Now anyone can inveigh against fortune, especially from the point of view
of spiritual science indeed, if he clings to misunderstood or primitive
conceptions he may be fanatical in his protest against the idea of good
fortune or equally fanatical in explaining life one-sidedly from the idea of
reincarnation and karma. A man would be fanatical in his protest against
fortune were he through misunderstanding the principles of spiritual
science to say: All striving after good fortune and contentment is after all
only egoism, and spiritual science makes every effort to lead men away
from egoism. Even Aristotle considered it ridiculous to maintain that the
virtuous man could in any way be content when he was experiencing
unaccountable suffering. Good fortune need not be regarded merely as
satisfied egoism, but even were this so in the first place it could still be
of some value for the whole of mankind. For good fortune can also be
regarded as bringing our soul-forces into a certain harmonious mood, thus
allowing them to develop in every direction; whereas ill-fortune produces
discordant moods in our soul-life, hindering us from making the most of
our efficiency and powers. Thus, even if good luck is sought after in the
first place only as a satisfaction of egoism, yet we can look upon it as the
promoter of inward harmony in the soul-forces, and can hope that those
whose soul-forces achieve inner harmony through good fortune may
gradually overcome their egoism; whereas they would probably find it hard
to do so were they constantly pursued by ill-fortune. On the other hand, it
may be said: If a man strives after good fortune and receives it as the
satisfaction of his egoism, he can because his forces are harmonized
work for himself and for others in a beneficial way. So what may be
called good fortune must not be assessed one-sidedly. Again, many a
man who thinks he has fathomed spiritual science when he has only perceived
something of it from a distance falls into error by saying: Here is a
fortunate man, and there one who is unfortunate; when I think of karma, of
one life determining another, I can easily understand that an unfortunate
man has prepared this bad fortune for himself in a former life, and that in a
former life the fortunate man has prepared his own good fortune. Such an
assertion has something insidious about it because to a certain extent it is
correct. But karma that is, the law of the determining of one
earth-life by another must not be accepted in the sense of a merely
explanatory law; it must be regarded as something that penetrates our will,
causing us to live in the sense of this law. And this law is only vindicated
in life if it ennobles and enriches this life. As regards fortune, we have
seen that a man's quest of happiness springs from a desire not to stand
alone, but to be in some way related to the outer world so that it may take
an interest in him. On the other hand, we have seen that good fortune may
in contradiction to external facts be brought about solely by
a man's conceptions, by what he experiences from external facts.

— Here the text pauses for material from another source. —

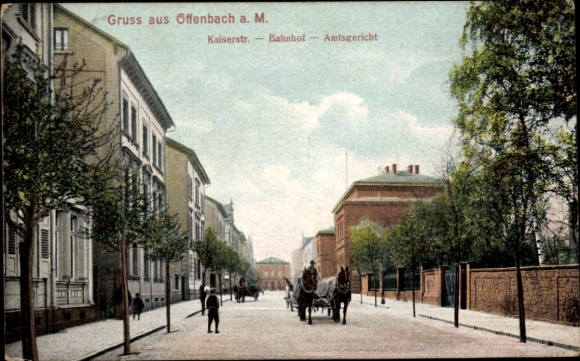 Postcard Offenbach am Main Hessen, Kaiserstraße, train station, district court
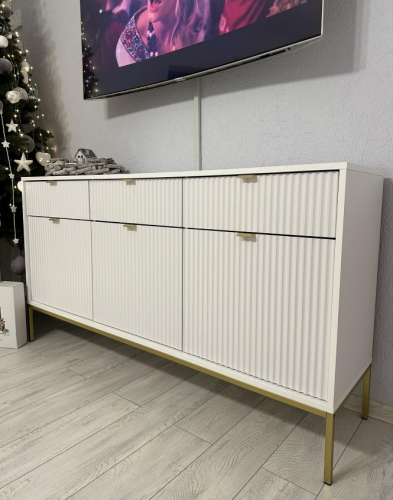 Комод PIASKI NOVA KSZ154, ДСП/МДФ/Белый, 154х83х39см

Where is there a solution of this apparent contradiction depending,
not on abstractions and theories but on reality itself?
We can find a solution if we turn our minds to what may be called the
inmost core of man's being. In former lectures (see
Note 1) we have shown how this
works on the outer man, even shaping his body, and also establishing the
man in the place he occupies in the world. If we follow up this conception
of the inner core, and ask ourselves how it can be related to the man's good
or bad fortune, we most easily find the answer if we consider that some
stroke of good fortune may so affect a man that he is bound to say: I
intended this, I willed it, I used my good sense, my wisdom, in such a way
that it should come about, but now I see that the result far exceeds all that
my wisdom planned, all that I determined or was able to see beforehand.
What man is there, in a responsible position in the world, who would not in
countless cases say something of this kind that he had indeed used his
powers but that the success that had befallen him far out-weighed the
powers exerted? If we comprehend the inner core of man not as what is
there just for once but as something in the throes of a whole evolution, in
the sense, that is, of spiritual science; if we comprehend it not simply as
shaping one life but many, as something therefore that would shape the one
life as it is in our immediate present, so that when this inner core of man's
being goes through the gate of death and passes into a super-sensible world,
returning when the time comes to be active in physical life in a fresh
existence what then can such a man, grasping his central being in this
way, understanding himself within a world-conception of this kind what
attitude can he adopt towards a success that flows to him in the way we have
pictured? Such a man can never say: This has been my good fortune and I am
satisfied; with the powers I set in motion I expected something quite
insignificant, but I am glad that my fortune has brought me something greater.
Such a man who seriously believes in karma and repeated earth-lives
will never say that, but rather: The success is there but I have shown
myself to be weak in face of such a success. I shall not be content with this
success, I shall learn by it to enhance my powers; I shall sow seeds in the
inmost core of my being which will lead it to higher and higher perfection.
My unmerited success, my windfall, shows me where I am lacking; I must
learn from it. No other answer can be given by one to whom fortune has
brought success, if he looks upon karma in the right way and believes in it.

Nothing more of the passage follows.